**Exercise prompt:**
Repeat the data in full. Drop every picture.

**Data segment:**
=======

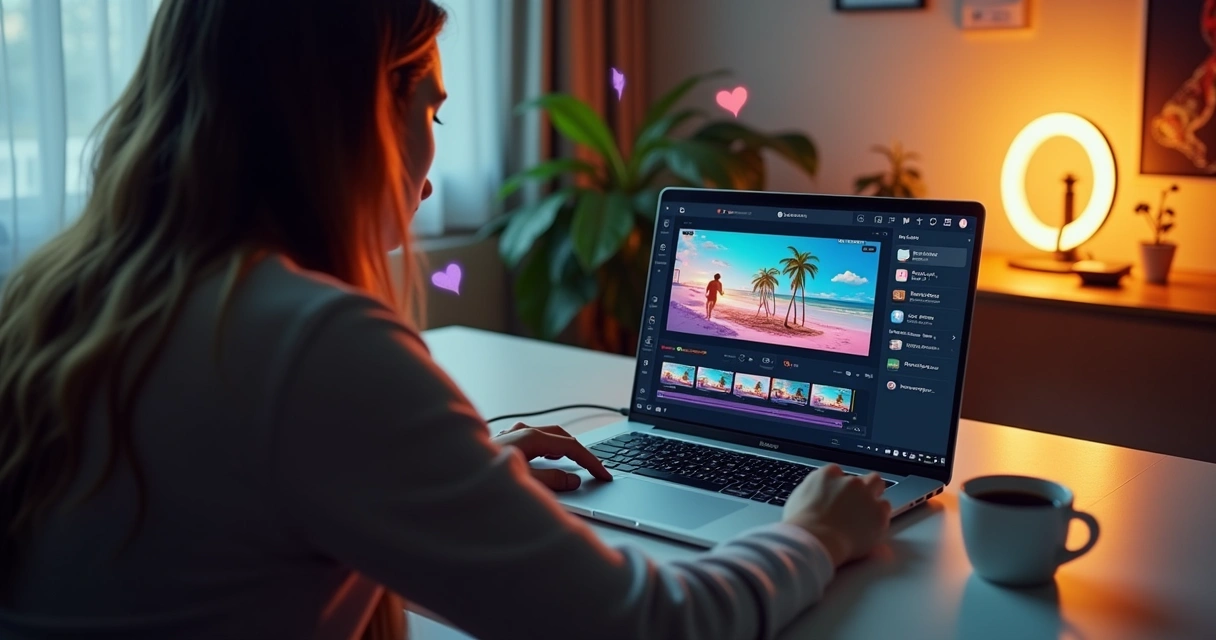 Content creator using VDClip on laptop to edit clips 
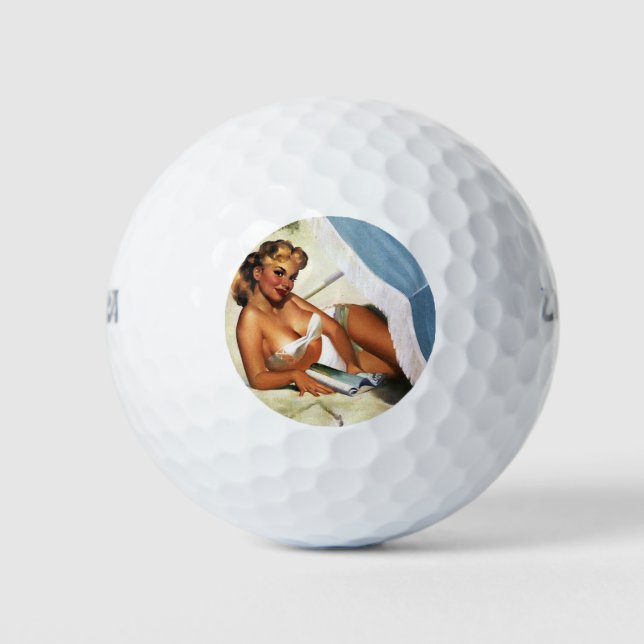 Pelotas De Golf Beach Beauty Pin Up Chica Golf Balls (Anverso)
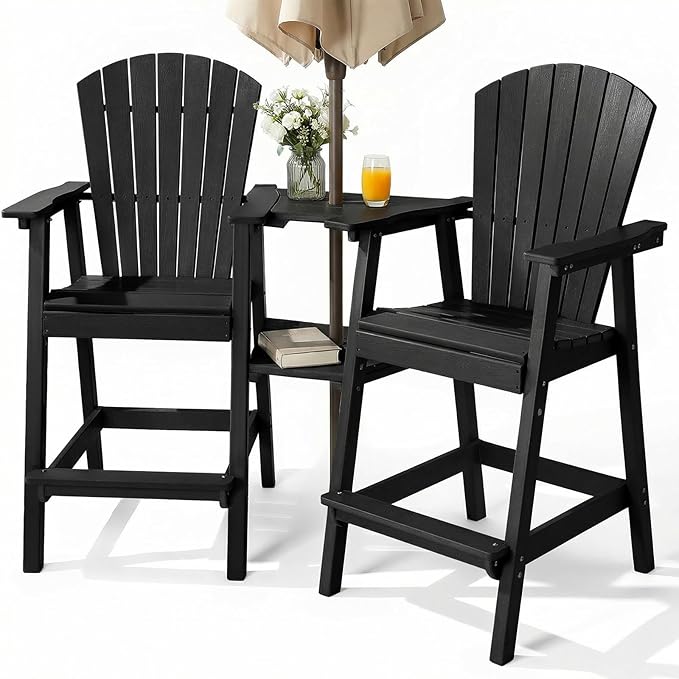 PASAMIC Tall Adirondack Chair Set of 2, All-Weather HDPE Outdoor Chairs with Removable Double Trays - Photo 1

=======

**Solution for this problem:**
 Content creator using VDClip on laptop to edit clips 
 Pelotas De Golf Beach Beauty Pin Up Chica Golf Balls (Anverso)
 PASAMIC Tall Adirondack Chair Set of 2, All-Weather HDPE Outdoor Chairs with Removable Double Trays - Photo 1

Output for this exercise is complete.